For several years, Republican leaders in the Mississippi Legislature have wanted to re-examine the funding formula the state has used since 1997 to allocate money to public education.
This week, Lt. Gov. Tate Reeves and House Speaker Philip Gunn announced their plan to rewrite the formula with the help of an outside consulting firm.
Such an examination is worth doing as long as the desire is to truly get a better bang for the buck rather than using it as cover to cut education funding, as some fear.
The problem with the Mississippi Adequate Education Program has been mostly the Legislature’s failure to live up to its promise. In only two years out of about 20 have lawmakers followed through with allocating the amount the formula dictates. This year, they shorted MAEP by $172 million; the shortfall has been about $2 billion over less than a decade.
Frustrations over that repeated failure led to an unsuccessful citizen-led attempt in 2015 to pass an initiative to require full funding, plus an ongoing lawsuit filed by several shorted districts.

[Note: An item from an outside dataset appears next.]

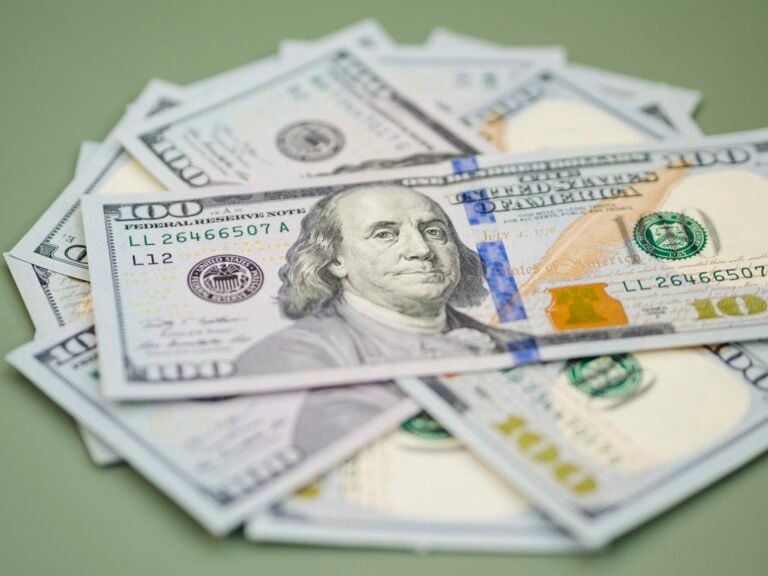 Dólar abre em alta com mercado atento a tarifas dos EUA e tensão no Irã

MAEP is a complicated formula designed to ensure that students in property-poor school districts receive an adequate education. It doesn’t guarantee the classroom results in these districts will match those in property-rich districts, but it attempts to remove the excuse that lack of money is the reason for whatever disparities exist. MAEP also has been successful in keeping Mississippi out of the courts, unlike in other states which have had their funding decisions dictated by the judiciary because a prolonged funding gap between rich and poor districts.
Besides being tired of being blamed for underfunding education in general, Republicans in the state Legislature have contended that too much of the MAEP funding is going to bloated administration. Reeves cited a legislative watchdog group’s report that found administrative spending increasing by 8 percent in recent years while classroom spending decreased by a like amount.
State Auditor Stacey Pickering has been making the same point for several years, plus claiming that the formula has developed some flaws over time that were not foreseen when it was adopted. For instance, so-called “at risk” districts get an additional bump in MAEP funding based on the percentage of their students who receive free lunches. About five years ago, however, the federal government changed the rules of the food program to allow school districts in high-poverty communities to provide free lunches to all of their students, including those who would not have qualified under the previous rules. That change has skewed the at-risk portion of MAEP.
In summary, there is good reason for trying to tweak the formula to produce its stated and legally necessary intent: equitable funding. If the tweaking can move more funding into classrooms and less into administration, that’s likewise a worthy goal.
But whatever is done, lawmakers should come up with a formula they will follow most years, not just when they feel like it or when they are especially worried about their re-election.